Earth Week events will focus on exposing people to these environmental discrepancies, showing them the places that are most affected. In Eugene, lower-income communities have fewer trees, which reduces canopy coverage and results in higher temperatures. This, Abrams says, is a “perfect demonstration of how these low-income communities are impacted disproportionately by climate change.”

So this year there will be a tree walk through Trainsong Park, a park in Eugene’s Bethel neighborhood, which Abrams says is a low-income neighborhood lacking canopy coverage.

Other events during Earth Week include a showing of Black Snake Killaz, a film about Native American resistance to the Dakota Access Pipeline, and an Earth Day potluck. The featured event of the week, however, is the “Breath of Fresh Air” showcase 6 pm on Friday, April 20, in Kesey Square downtown.

The artists in the showcase are all from frontline communities or communities of color, and they include poet Yolanda Gomez, who has a personal relationship with environmental justice — according to Beyond Toxics, Gomez’s father died after continuous pesticide exposure. Chiefed, a band whose members are mainly from the Siletz Tribe, will also be performing.

Through this event, Beyond Toxics staff say they hope to highlight the voices of people who are largely left out of environmental conversations, but who are most impacted by decisions made, and to expose community members to the idea.

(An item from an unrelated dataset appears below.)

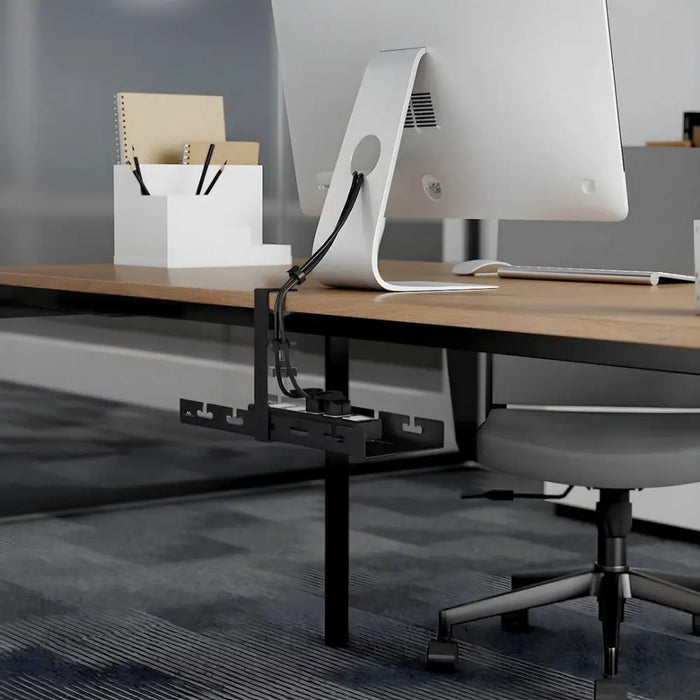 Maclean under-desk cable organizer max load 5kg black MC-105 B - Cable coversTVA-MAS<<<TV and accessoriesTVA<<<ActionPL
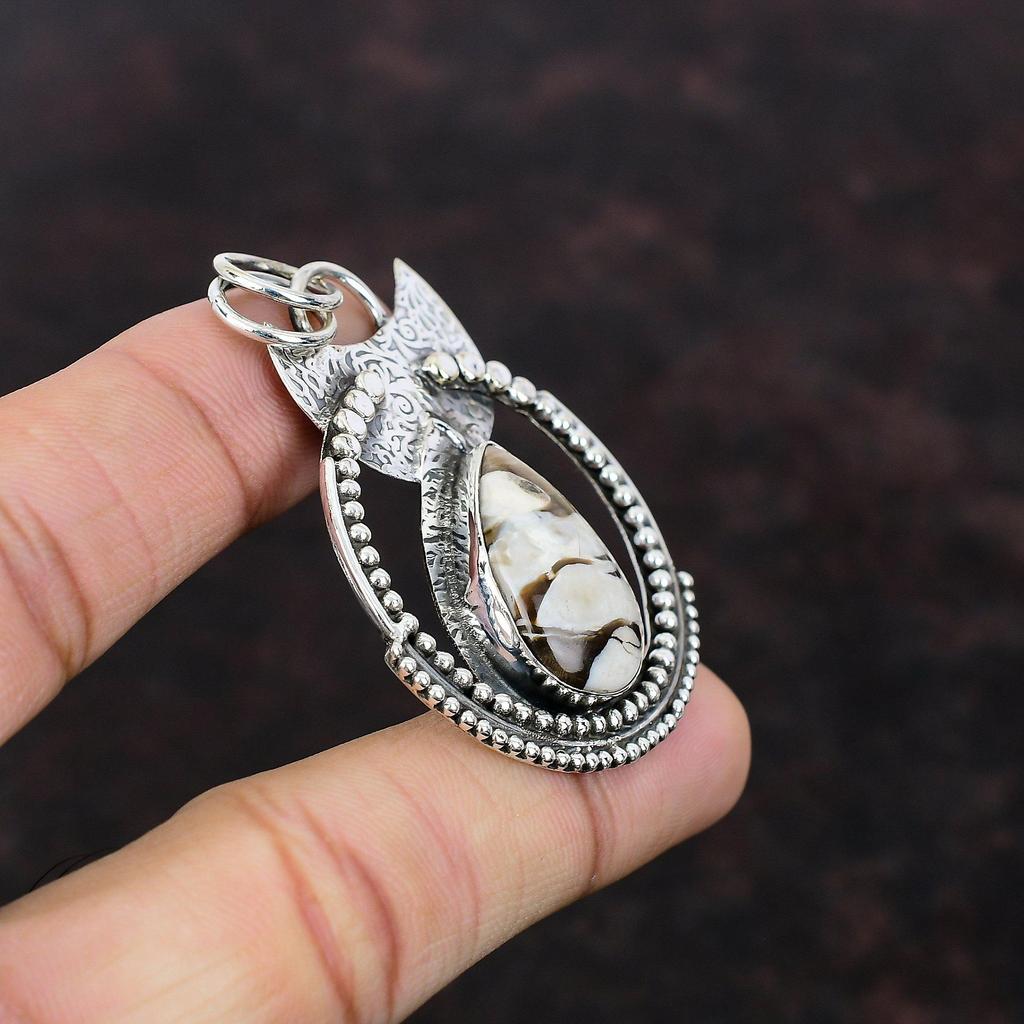 Peanut Wood Jasper Pendant 925 Sterling Silver Pendant Natural Gemstone Jewelry Handmade Stylish Pendant Gift For Girl Healing Stone Pendant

People who come from or identify with these frontline communities or communities of color are encouraged to contribute visual or performance art to the showcase — submissions are open on the Beyond Toxics website until midnight on April 14.

All of the events are free of charge and family-friendly, and some will provide food. “Part of supporting an environmental justice community to me is providing food and a safe space for people and their families,” Abrams says.

The 2018 Earth Week events will begin April 16 in Eugene. More details are available at beyondtoxics.org/earth-week-2018. All events are free.